Thaksin’s lawyer also obtained an injunction prohibiting Sondhi’s Web site from publishing news critical of the prime minister while the case is pending. The lawsuit stems from critical comments about the prime minister's conduct, including alleged assistance to a family business in acquiring the Thaicom satellite concession, the Bangkok Post reported.
Thai police have confiscated video copies of Sondhi’s popular television program from stores across the country, according to news reports. Meanwhile, journalists at Sondhi’s English-language daily newspaper Thai Day told CPJ that they were now wary of writing critical stories about the prime minister.

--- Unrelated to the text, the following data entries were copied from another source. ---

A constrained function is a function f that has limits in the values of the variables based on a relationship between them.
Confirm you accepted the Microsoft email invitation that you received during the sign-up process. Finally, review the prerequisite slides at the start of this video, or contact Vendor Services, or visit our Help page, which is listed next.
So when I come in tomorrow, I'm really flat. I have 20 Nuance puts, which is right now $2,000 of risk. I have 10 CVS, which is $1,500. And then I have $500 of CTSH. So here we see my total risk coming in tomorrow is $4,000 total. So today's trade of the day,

Despite the order, Sondhi hosted a talk show about the prime minister on the CCTV television station. Approximately 10,000 people gathered in Bangkok's Lumpini Park to listen to the live broadcast, according to news reports.

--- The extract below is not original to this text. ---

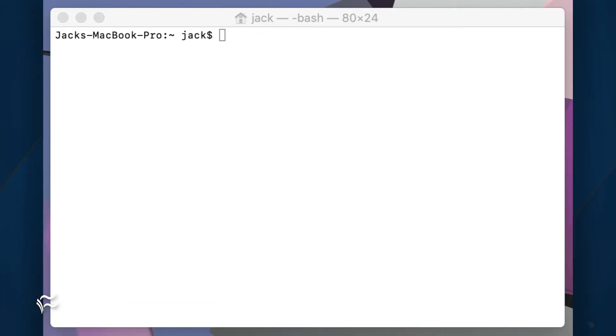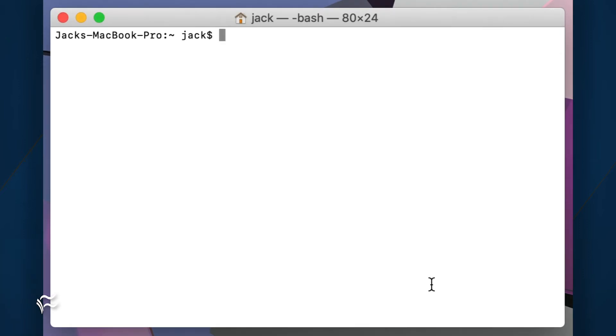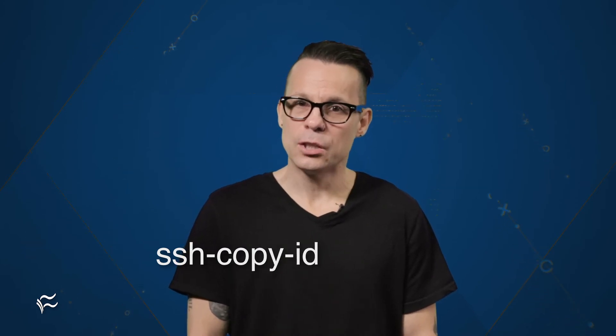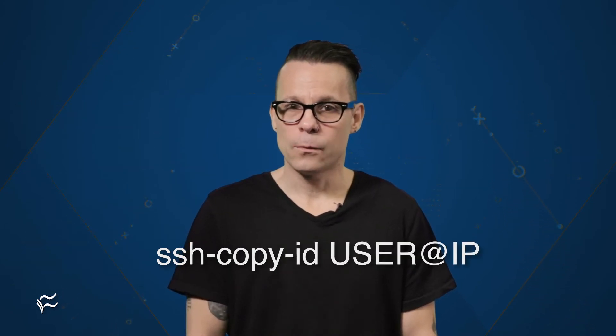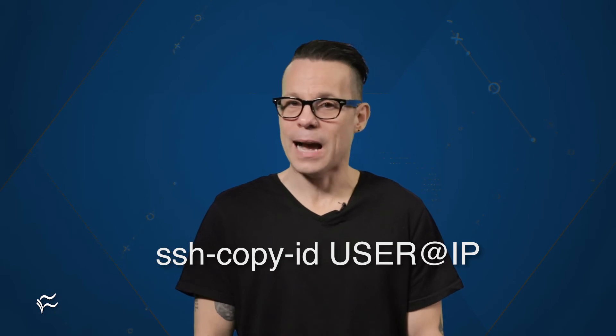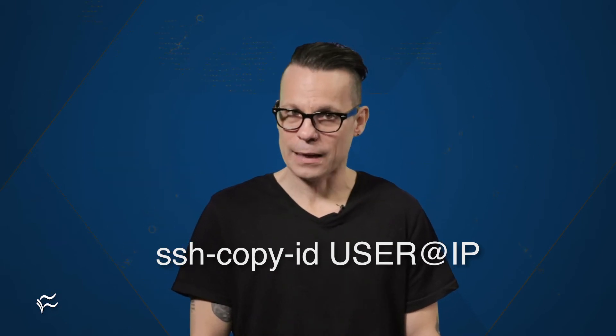Once you've taken care of that, close out the System Preferences window and then open a terminal window on your Mac. You now need to find out the IP address of your Mac OS machine. To do that, issue the command `ifconfig | less`. You should also copy your SSH public key from the remote machine to the Mac with the command `ssh-copy-id user@IP`,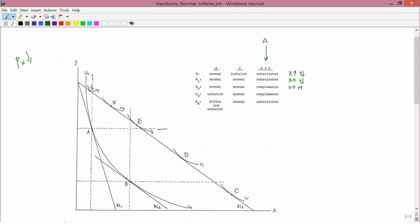Next, the consumer starting at A and ending at F with indifference curve U3. F lies to the right of A so X has gone up, and F lies above A so Y has gone up. Both moved in the same direction — complements. Finally, the consumer with indifference curve U4 starts at A and ends at G. G lies to the left of A so X has gone down, and G lies above A so Y has gone up. Opposite directions — they're substitutes. That explains the third column: complements and substitutes.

Sondhi founded and runs the Manager Media Group, one of Thailand’s largest integrated media companies with interests in publishing, radio, and television. Thaksin has filed more than 2 billion baht (US$50 million) worth of criminal and civil complaints against Sondhi and his associated businesses since October. Hearings are scheduled to begin in February 2006.
“Prime Minister Thaksin Shinawatra may be using the courts, but his actions show an utter disregard for the legal guarantees of free expression that are enshrined in the constitution,” CPJ Executive Director Ann Cooper said. “We call on Prime Minister Thaksin Shinawatra to stop his government’s campaign of intimidation against Sondhi Limthongkul and other critical Thai journalists.”
Sondhi’s television journalism has frequently touched on the delicate subject of alleged tensions between Thaksin’s government and the royal palace. On November 16, royal military guards considered loyal to the prime minister submitted a letter to Sondhi’s offices requesting that his media outlets stop commenting publicly on royal affairs. Sondhi remained defiant, insisting that his commentary was made in defense of the throne. Thailand enforces some of the world’s strictest lese majeste laws, whereby acts deemed offensive to the king are punishable with lengthy jail terms.
Thaksin’s government and its affiliated business interests have frequently resorted to criminal and civil defamation suits against journalists to curb criticism of their policies and activities. Plaintiffs have sought as much as 10 billion baht (US$240 million) in monetary damages.